Less obvious is the need to know whether the error is correlated between different measured values. This becomes very important for climate data records: looking at climate change, highly correlated errors are the ones we need to worry about.

To illustrate this, consider a climate data record (CDR) for sea surface temperature (SST). Full resolution satellite data typically measures an instantaneous SST across a pixel of about 1 km. For a typical case, we might have three categories of effect, causing uncertainties of different size. 
  • Noise, which is uncorrelated between different pixels. 
  • Ambiguity in obtaining the SST from the measured radiances, which tends to be correlated "locally", where the state of the atmosphere is similar.
  • Systematic errors ("biases") including sensor calibration degradation over time, which tend to affect measured values in a highly correlated (non-random) way.
Data producers tend to put effort into correcting any "biases", but nonetheless, residual uncertainty remains after such corrections are applied.

For a single instantaneously measured SST from a well-designed instrument, the first two effects are the biggest, and may be comparable. 

However, for climate change analyses, we may be more interested in how SST over one area and period of time compares with SST for that area at a different time. The larger the spatial scale and longer the period of time considered, the less important noise becomes (the SST errors tend to average down when data are aggregated) and the relatively more important calibration effects become. 

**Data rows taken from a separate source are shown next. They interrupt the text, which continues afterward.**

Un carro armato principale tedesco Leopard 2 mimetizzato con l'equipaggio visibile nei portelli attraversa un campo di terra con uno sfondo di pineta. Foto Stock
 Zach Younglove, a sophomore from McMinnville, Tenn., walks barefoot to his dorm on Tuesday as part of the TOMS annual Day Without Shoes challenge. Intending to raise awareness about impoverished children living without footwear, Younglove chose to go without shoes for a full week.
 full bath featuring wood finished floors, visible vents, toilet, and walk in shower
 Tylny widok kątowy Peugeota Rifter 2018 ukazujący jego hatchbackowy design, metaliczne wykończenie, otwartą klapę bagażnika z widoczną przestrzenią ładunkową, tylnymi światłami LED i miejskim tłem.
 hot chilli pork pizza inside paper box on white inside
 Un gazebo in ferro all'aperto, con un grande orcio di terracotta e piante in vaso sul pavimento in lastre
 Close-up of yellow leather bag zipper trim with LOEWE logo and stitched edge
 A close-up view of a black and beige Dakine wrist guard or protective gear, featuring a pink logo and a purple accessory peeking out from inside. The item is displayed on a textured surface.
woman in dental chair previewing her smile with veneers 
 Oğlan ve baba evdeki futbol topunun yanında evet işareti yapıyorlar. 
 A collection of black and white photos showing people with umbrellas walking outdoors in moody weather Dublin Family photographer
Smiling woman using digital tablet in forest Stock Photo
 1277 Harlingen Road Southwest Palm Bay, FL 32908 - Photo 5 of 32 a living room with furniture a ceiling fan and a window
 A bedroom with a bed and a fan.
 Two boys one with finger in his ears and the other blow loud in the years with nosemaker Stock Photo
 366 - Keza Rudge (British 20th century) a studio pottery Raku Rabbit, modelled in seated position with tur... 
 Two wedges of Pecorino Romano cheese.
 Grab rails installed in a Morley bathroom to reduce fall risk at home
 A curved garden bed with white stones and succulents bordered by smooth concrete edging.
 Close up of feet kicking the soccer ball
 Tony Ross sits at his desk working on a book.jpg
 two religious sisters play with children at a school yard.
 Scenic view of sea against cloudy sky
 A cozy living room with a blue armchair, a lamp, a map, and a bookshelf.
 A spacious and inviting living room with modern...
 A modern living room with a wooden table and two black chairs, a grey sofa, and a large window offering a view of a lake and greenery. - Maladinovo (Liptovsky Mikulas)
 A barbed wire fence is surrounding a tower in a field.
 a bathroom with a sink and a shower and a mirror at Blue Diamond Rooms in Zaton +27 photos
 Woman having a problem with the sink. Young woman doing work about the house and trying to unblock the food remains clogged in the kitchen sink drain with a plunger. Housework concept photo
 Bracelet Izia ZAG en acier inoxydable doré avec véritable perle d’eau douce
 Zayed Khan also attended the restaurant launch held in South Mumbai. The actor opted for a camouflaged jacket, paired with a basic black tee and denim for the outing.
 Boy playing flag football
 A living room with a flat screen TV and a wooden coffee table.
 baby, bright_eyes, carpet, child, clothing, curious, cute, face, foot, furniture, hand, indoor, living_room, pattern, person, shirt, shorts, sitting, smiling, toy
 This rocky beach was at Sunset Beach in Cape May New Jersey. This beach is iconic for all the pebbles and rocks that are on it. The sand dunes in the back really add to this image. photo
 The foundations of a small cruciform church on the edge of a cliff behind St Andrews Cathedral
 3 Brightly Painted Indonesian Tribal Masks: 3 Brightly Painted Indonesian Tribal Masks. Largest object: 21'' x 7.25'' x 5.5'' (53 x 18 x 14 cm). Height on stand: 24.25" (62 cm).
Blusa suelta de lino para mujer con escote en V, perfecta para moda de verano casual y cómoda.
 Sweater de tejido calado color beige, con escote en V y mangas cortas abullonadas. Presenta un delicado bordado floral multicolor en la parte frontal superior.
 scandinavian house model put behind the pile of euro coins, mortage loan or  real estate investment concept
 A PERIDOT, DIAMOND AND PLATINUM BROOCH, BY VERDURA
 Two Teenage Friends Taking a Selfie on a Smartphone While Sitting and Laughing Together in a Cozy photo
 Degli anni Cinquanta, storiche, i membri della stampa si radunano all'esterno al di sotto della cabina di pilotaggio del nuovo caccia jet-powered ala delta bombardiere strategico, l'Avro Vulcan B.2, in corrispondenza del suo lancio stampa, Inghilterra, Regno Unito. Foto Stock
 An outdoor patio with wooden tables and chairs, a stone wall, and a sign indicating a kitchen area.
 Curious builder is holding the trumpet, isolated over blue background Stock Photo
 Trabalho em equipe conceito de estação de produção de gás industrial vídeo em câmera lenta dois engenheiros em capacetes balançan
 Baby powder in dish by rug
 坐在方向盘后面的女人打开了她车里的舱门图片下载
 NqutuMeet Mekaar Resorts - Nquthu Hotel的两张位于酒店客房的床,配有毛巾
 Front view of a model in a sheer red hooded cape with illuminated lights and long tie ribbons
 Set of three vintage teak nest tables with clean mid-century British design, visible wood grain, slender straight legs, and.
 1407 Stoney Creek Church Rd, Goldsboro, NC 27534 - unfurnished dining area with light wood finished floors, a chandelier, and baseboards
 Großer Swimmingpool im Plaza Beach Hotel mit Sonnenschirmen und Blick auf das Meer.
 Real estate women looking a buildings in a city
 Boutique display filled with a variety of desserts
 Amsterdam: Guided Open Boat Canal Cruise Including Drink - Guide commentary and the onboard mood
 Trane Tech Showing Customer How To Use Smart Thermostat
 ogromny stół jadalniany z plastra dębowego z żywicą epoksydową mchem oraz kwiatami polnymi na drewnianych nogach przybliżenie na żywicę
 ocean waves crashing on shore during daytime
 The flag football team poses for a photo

This figure illustrates this effect for a reasonable set of assumptions for the case of SST. In a single 1 km SST retrieval, the random effects may dominate the uncertainty, followed by the locally systematic effects associated with retrieval ambiguity. However, as the scale of analysis of the SST data becomes larger in space and longer in time, first noise and then locally systematic effects become less important. If we are using the CDR across several years, more than one sensor is involved, and not only systematic calibration effects from a single sensor matter, but uncertainty in the (corrected) systematic differences between instruments in the sensor series also begin to matter.

Analyses of uncertainty budgets in SST products and for instrument design often focus on the regime at the left side of this diagram, where calibration effects (after bias correction) may be thought negligible. But CDRs also get used for applications at the right side of this diagram, where the systematic effects matter most. 

When it comes to creating climate data records, all categories of effect causing uncertainty need to be considered and characterised, as far as practicable. All types of error source are relevant to the applications of at least some CDR users.